4pSC24. Multisensor-based speech processing for robust speech recognition.

Session: Thursday Afternoon, December 5

Time: 4:30


Author: Y. Zhao
Location: Beckman Inst. and Dept. of ECE, Univ. of Illinois, 405 N. Mathews Ave., Urbana, IL 61801
Author: K. Yen
Location: Beckman Inst. and Dept. of ECE, Univ. of Illinois, 405 N. Mathews Ave., Urbana, IL 61801
Author: X. Zhuang
Location: Univ. of Missouri, Columbia, MO 65211

Abstract:

A multichannel signal-processing technique is integrated with automatic speech recognition for dealing with time-varying interference signals. Two microphones are employed for signal acquisition, each picking up a convolutive mixture of two source signals. A decorrelation adaptive filtering [Weinstein et al., IEEE Trans. SAP 405--413 (1993)] is first performed to restore the source signals; a cross-spectral analysis is next performed on the restored signals to determine the presence regions of each source signal [K. Yen and Y. Zhao, Proc. ICSLP (1996)]. The restored speech signals within the presence regions are inputted to an HMM-based speaker-independent continuous speech recognition system [Y. Zhao, IEEE Trans.

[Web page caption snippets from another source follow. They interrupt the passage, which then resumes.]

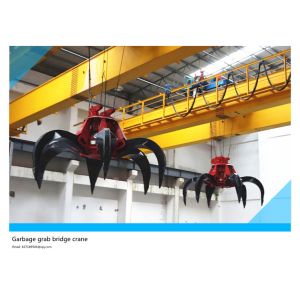  China's high quality and low price 30 ton garbage grab bridge double beam crane, power plant double beam crane, grab dou Manufactures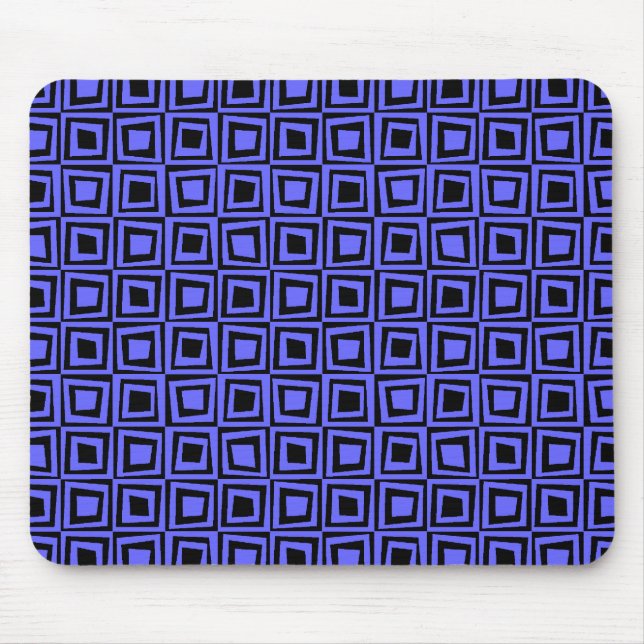 Mousepad Quadrados retrorreflectores - Azul elétrico em pre (Frente)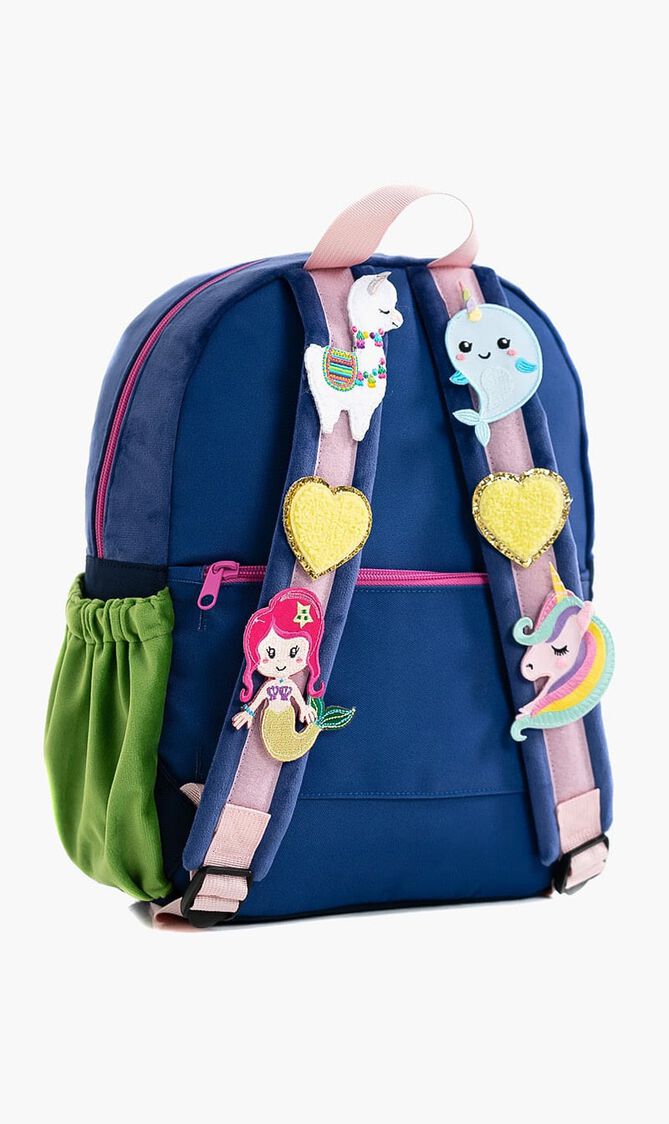 SMALL BECCO BACKPACK KIDS LUX COBALT MAGENTA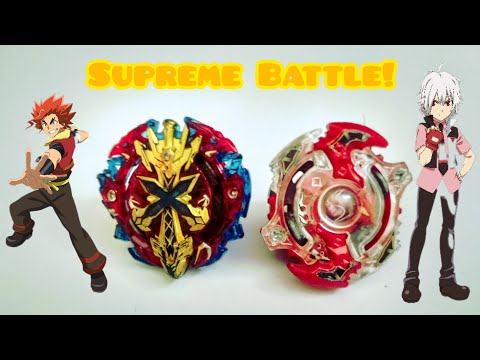 XENO XCALIBUR vs STORM SPRIGGAN | Beyblade Burst | Season 1 | HD | BeySpidey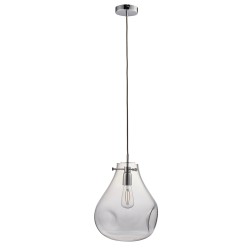 61399-001 Chrome Pendant with Clear Dimpled Glass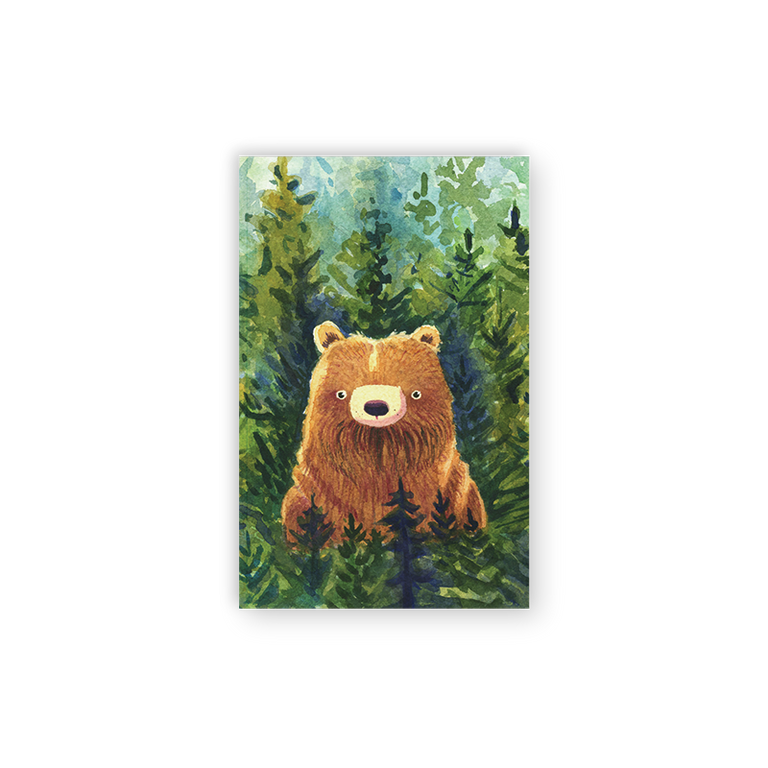 Brown Bear Classic Layflat Notebook | Denik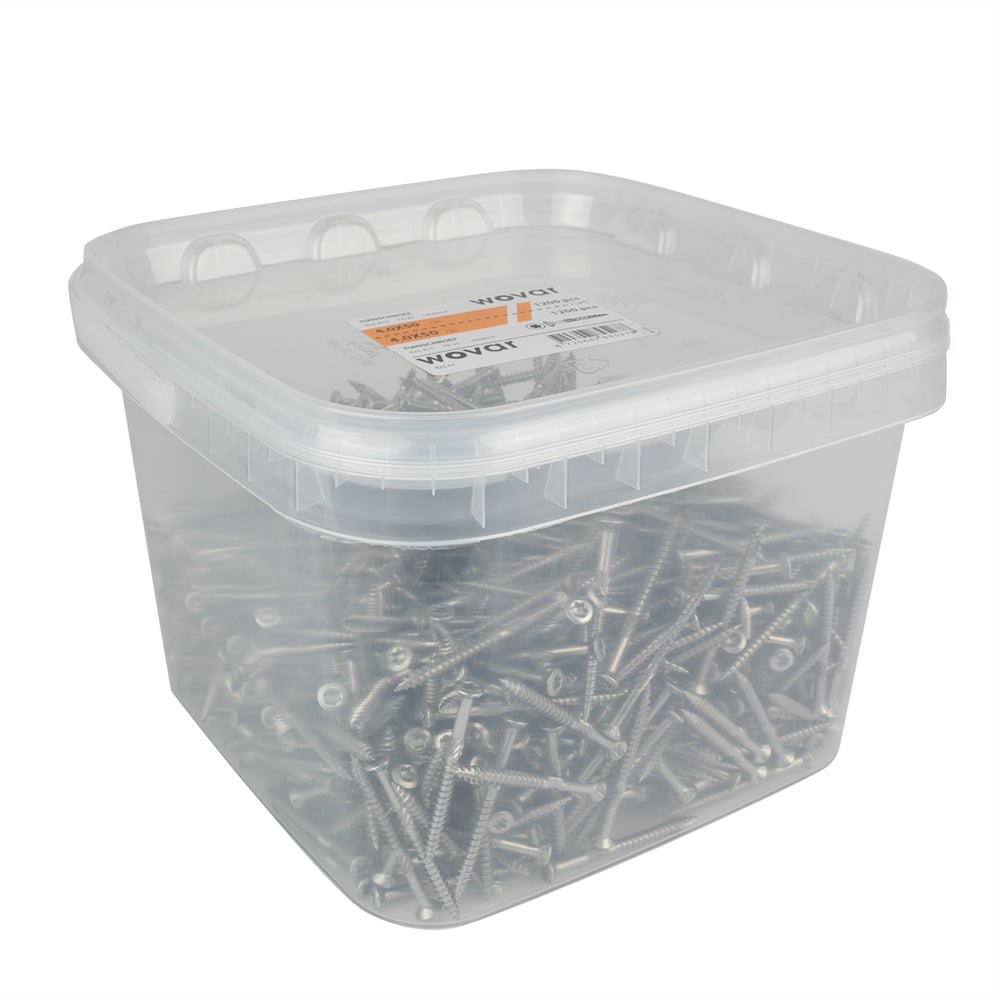 BucketStainlessSteel410Torx15GardenScrewsof4x50mmPartialThread1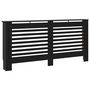 Voir la diapositive 2 : VIDAXL Cache-radiateur noir 172x19x81,5 cm MDF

SAP, 345--361 (1993)]. Five test sets were constructed from the TIMIT database under the SNR conditions of 20, 10, 0, -10, and -20 dB, each consisting of 78 sentence pairs. The acoustic coupling channels were simulated by FIR filters. The recognition vocabulary size was 853 and the task perplexity was 105. It was found that the multichannel integrated recognition system significantly improved recognition performance; above -10 dB, the word accuracies were close to that of the interference-free condition (91% word accuracy). [Work supported by NSF IRI-95-02074.]


ASA 132nd meeting - Hawaii, December 1996